O vermelho, o azul e o branco, as cores da Frente Ampla, pintaram a chegada deste ano novo, em um dia que começou levemente cinzento para terminar em uma festa popular multicolorida. Bandeiras do Uruguai, da Frente Ampla, dos partidos que compõem a frente (tupamaros, comunistas, socialistas, entre outros), de partidos de outros países (como o PT brasileiro), e de outras nações da América Latina (Venezuela, Argentina, Brasil, Cuba, México, Paraguai, Chile, entre outros), compuseram um mosaico latino-americano pelas ruas de Montevidéu.

Após a meia-noite, a avenida 18 de julho foi tomada por milhares de pessoas de todas as idades. Diferentes gerações de uruguaios se encontraram, manifestando a esperança de uma nova etapa na história do país. Esperança sobretudo no retorno de milhares de uruguaios que escolheram o caminho de um exílio mais ou menos voluntário. Na verdade, a estagnação econômica e a crise social empurraram muitas pessoas para o exterior.
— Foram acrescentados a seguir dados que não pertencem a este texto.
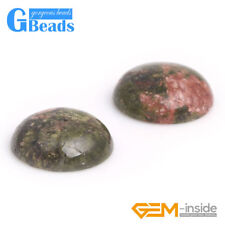 Round Oval Green Unakite CAB Cabochon Beads For Jewelry Ring Charm Making 5Pcs  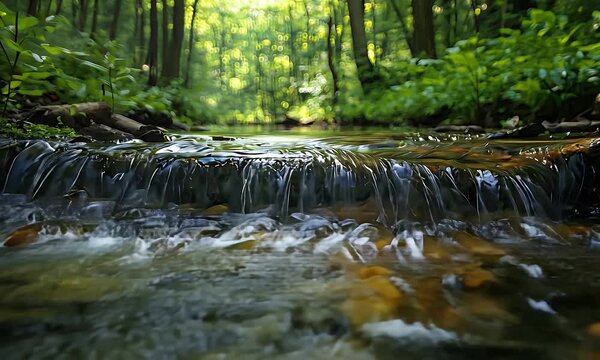 Serene Forest Stream Flowing Over Mossy Rocks Under Sunlight Creates Peaceful Atmosphere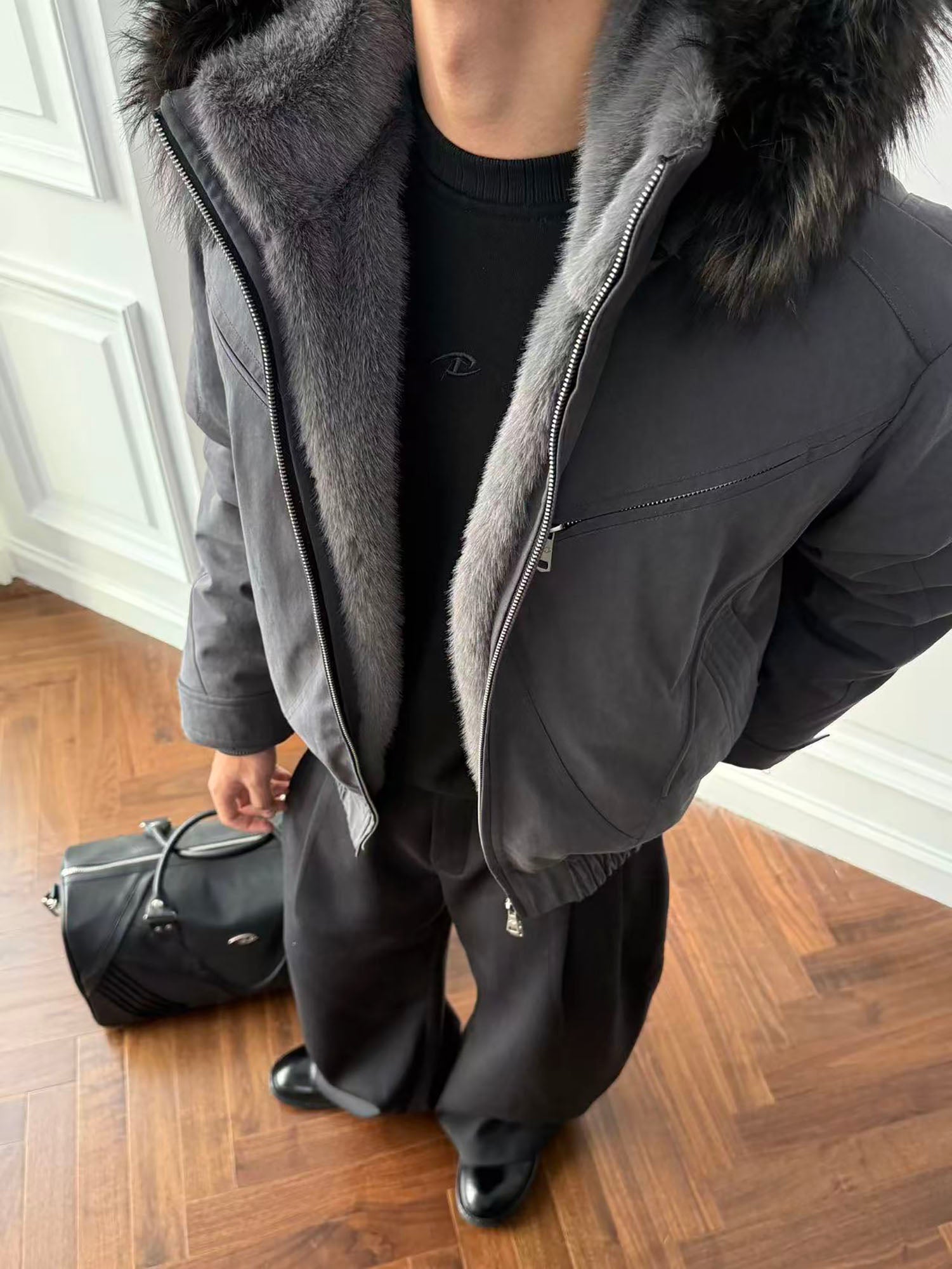 CATSSTAC Detachable Hood Down Jacket-Jacket-S (Preorder)-Black-Free Shipping Leatheretro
Um dia antes da posse, uma televisão uruguaia fez uma reportagem no aeroporto de Carrasco, registrando a chegada, para a posse de Tabaré, de uruguaios que moram no exterior. E muitos deles afirmaram a disposição de retornar de vez para o país para reconstruir a vida em sua pátria. O sentimento de pertencimento à nação ganhou novo impulso, dentro e fora do Uruguai, com a vitória da Frente Ampla.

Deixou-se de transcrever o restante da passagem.